* Dollar retreats after BOJ policy underwhelms market
* Scope for yen weakness likely to resume longer-term
* Strategists say LTRO repayment could lift euro
By Nia Williams
LONDON, Jan 23 (Reuters) - The yen pushed higher against the euro and dollar on Wednesday, extending gains from the previous day, when monetary easing from Bank of Japan fell short of some expectations for faster, more aggressive action.
Weakness against the yen also dragged the euro lower against the dollar, although losses were limited after a much stronger-than-expected German economic sentiment survey on Tuesday.
Citi strategists said in a note that comments from Michael Meister, a senior member of German Chancellor Angela Merkel’s party, indicating Germany may retaliate if the Japanese efforts to cheapen the yen continue had also weighed on the euro.
After weeks of intense speculation that weighed heavily on the yen, some market players were underwhelmed by the BOJ’s pledge to double its inflation target and switch to an open-ended commitment to buying assets next year.
While the move to end years of economic stagnation was the bank’s boldest action yet, it had been widely leaked to the media and fell short of lofty market expectations for an immediate substantial stimulus boost.
The dollar fell 0.4 percent to 88.38 yen, retreating from a 2-1/2 year high of 90.25 yen on Monday. The U.S. currency is still up around 11 percent against the yen from mid-November.
“The BOJ meeting was marginally disappointing so there is a bit of profit-taking going on,” said Geoff Kendrick, currency strategist at Nomura.
“Our view is that we will get stuck below 90 yen but probably go no lower than 87 until we get more news, which will not come out until we find out who the new (BOJ) governor is.”
A forthcoming change in BOJ leadership is expected to weigh on the yen, given expectations for Prime Minister Shinzo Abe to appoint a governor favouring loose monetary policy. Current governor Masaaki Shirakawa’s term ends in April.
The euro fell 0.7 percent to 117.36 yen, pulling away from a 20-month peak of 120.73 yen reached on Friday.
Still, many analysts saw the yen weakening over the medium- to longer-term, based on expectations the BOJ will remain under pressure to inject more stimulus into the economy.
“I continue to believe that this (BOJ) move is consistent with the shift in attitude and in the direction of policy, which will deliver a higher dollar/yen level over the coming year, and an overshoot above 100 in due course,” said Kit Juckes, FX strategist at Societe Generale.
The euro dipped 0.1 percent against the dollar to $1.3305, holding within sight of last week’s 11-month high of $1.3404. Market players reported supporting bids at $1.3275-85.

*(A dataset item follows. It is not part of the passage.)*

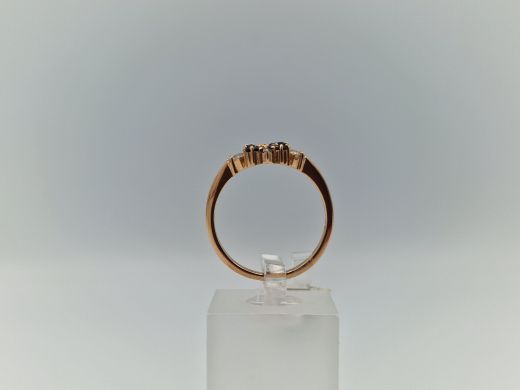 Zelta gredzens ar cirkoniju, 2.77 g, izm. 18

Some strategists said the euro would find some support ahead of an announcement on Friday on the size of next week’s first repayments of three-year loans taken by banks from the European Central Bank a year ago.
Banks took more than 1 trillion euros in ultra-cheap LTRO (loan-term refinancing operation) loans from the ECB. A Reuters poll showed traders expected about 1 billion euros to be paid back next week.

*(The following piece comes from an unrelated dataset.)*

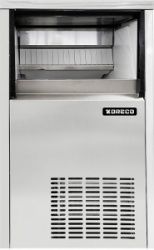Купить льдогенератор koreco az 25/8 cube кубикового льда 25 кг/сут с корпусом из нерж.стали – цена от завода, доставка до двери | RuOborudovanie.ru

Nomura’s Kendrick said investors would see the repayments as a move to tighten monetary policy by the ECB, in sharp contrast to the U.S. Federal Reserve and BOJ asset purchase schemes.
“Relative to other central banks the ECB is at least flatlining and at best shrinking its balance sheet. We will wait for the LTRO repayment and if that’s a bigger number than expected euro may break the highs around $1.34,” he said.
Deutsche Bank strategists said in a note they viewed the LTRO repayments as a major positive for the euro, and were targeting a break above $1.35.